**Activity**:
The expected result is an exact restatement of the data, free of pictures.

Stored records
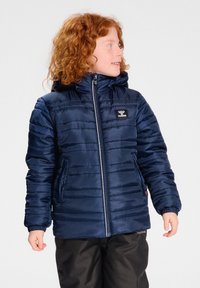 Marineblauwe pufferjack met horizontale stiksels, ritssluiting en capuchon. Heeft een klein logo en twee zijzakken. Draagt over donkere broeken.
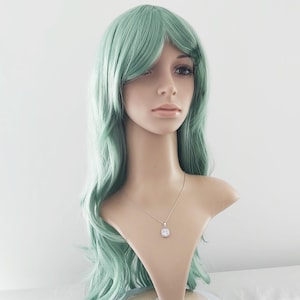 Long wavy light green wig for women. Party costume jade green wavy wig. High quality synthetic green hair. Ready to ship. Free US shipping.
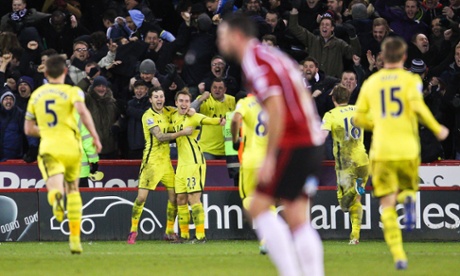 Christian Eriksen, his team-mates and the Spurs fans celebrate Eriksen, and Tottenham's, second goal.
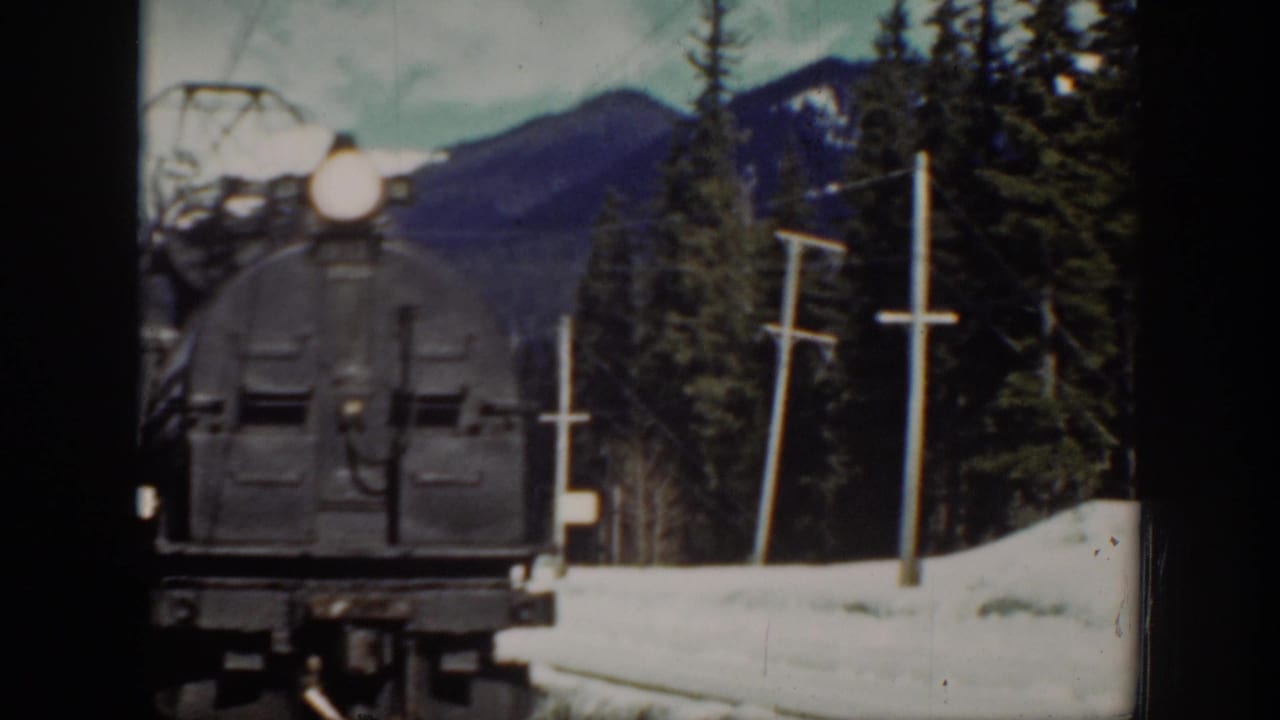 Front of a dark steam locomotive nears the camera on snow-lined rails.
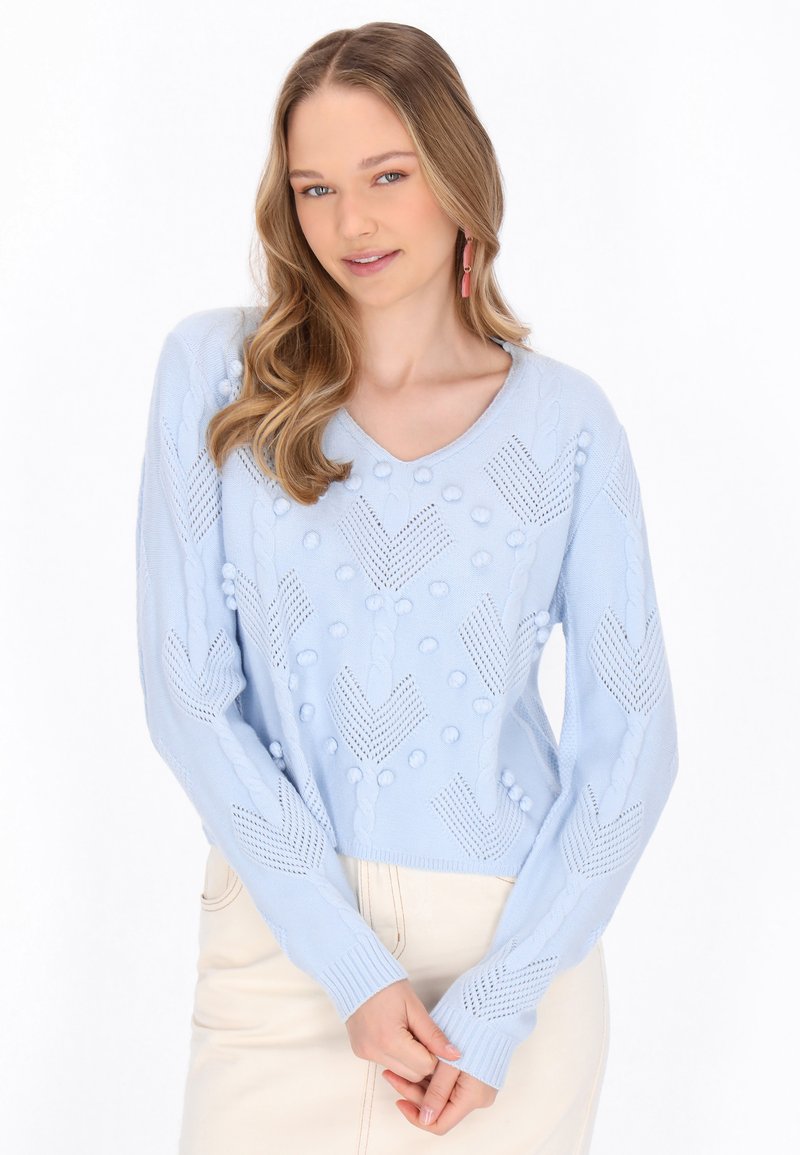 Maglione lavorato a maglia azzurro chiaro con scollo a V, caratterizzato da motivi testurizzati, dettagli a pompon e maniche lunghe. Abbinato a una gonna chiara.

**Your response**:
 Marineblauwe pufferjack met horizontale stiksels, ritssluiting en capuchon. Heeft een klein logo en twee zijzakken. Draagt over donkere broeken.
 Long wavy light green wig for women. Party costume jade green wavy wig. High quality synthetic green hair. Ready to ship. Free US shipping.
 Christian Eriksen, his team-mates and the Spurs fans celebrate Eriksen, and Tottenham's, second goal.
 Front of a dark steam locomotive nears the camera on snow-lined rails.
 Maglione lavorato a maglia azzurro chiaro con scollo a V, caratterizzato da motivi testurizzati, dettagli a pompon e maniche lunghe. Abbinato a una gonna chiara.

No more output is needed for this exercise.